What the task asks: Every line below that holds the string "Lamp" should be copied.

Entries shown:
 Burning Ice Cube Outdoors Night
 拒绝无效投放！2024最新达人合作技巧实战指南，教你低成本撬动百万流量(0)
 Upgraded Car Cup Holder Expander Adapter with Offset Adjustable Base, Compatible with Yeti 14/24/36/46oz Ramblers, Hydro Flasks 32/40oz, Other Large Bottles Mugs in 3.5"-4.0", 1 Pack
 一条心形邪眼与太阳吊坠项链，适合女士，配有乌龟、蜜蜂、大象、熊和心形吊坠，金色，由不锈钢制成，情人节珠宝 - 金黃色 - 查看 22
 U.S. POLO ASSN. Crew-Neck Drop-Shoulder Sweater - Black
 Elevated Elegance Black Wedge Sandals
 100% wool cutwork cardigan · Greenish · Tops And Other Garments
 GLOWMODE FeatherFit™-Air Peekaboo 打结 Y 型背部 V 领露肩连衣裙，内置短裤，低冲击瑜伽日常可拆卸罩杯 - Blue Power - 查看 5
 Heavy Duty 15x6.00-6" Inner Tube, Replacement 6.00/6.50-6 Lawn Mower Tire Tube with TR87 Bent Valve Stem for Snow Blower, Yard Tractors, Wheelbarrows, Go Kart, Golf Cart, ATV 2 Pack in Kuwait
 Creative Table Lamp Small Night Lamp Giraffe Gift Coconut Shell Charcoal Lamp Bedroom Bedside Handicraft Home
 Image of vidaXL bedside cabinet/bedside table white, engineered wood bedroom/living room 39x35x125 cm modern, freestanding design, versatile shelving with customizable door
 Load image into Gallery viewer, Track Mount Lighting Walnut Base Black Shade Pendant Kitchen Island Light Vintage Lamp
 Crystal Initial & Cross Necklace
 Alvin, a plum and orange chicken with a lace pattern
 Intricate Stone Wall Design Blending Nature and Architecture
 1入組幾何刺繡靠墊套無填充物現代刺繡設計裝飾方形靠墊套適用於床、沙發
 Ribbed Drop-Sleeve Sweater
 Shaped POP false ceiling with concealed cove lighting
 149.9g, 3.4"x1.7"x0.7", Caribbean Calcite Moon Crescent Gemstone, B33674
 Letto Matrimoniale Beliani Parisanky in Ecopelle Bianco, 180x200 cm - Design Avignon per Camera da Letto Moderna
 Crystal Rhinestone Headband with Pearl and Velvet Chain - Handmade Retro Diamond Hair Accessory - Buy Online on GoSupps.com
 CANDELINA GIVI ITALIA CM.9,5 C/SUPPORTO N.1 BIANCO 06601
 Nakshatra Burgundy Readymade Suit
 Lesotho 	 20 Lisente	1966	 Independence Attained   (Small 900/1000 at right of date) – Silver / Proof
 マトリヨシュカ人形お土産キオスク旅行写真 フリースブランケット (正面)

Result for this exercise:
 Creative Table Lamp Small Night Lamp Giraffe Gift Coconut Shell Charcoal Lamp Bedroom Bedside Handicraft Home
 Load image into Gallery viewer, Track Mount Lighting Walnut Base Black Shade Pendant Kitchen Island Light Vintage Lamp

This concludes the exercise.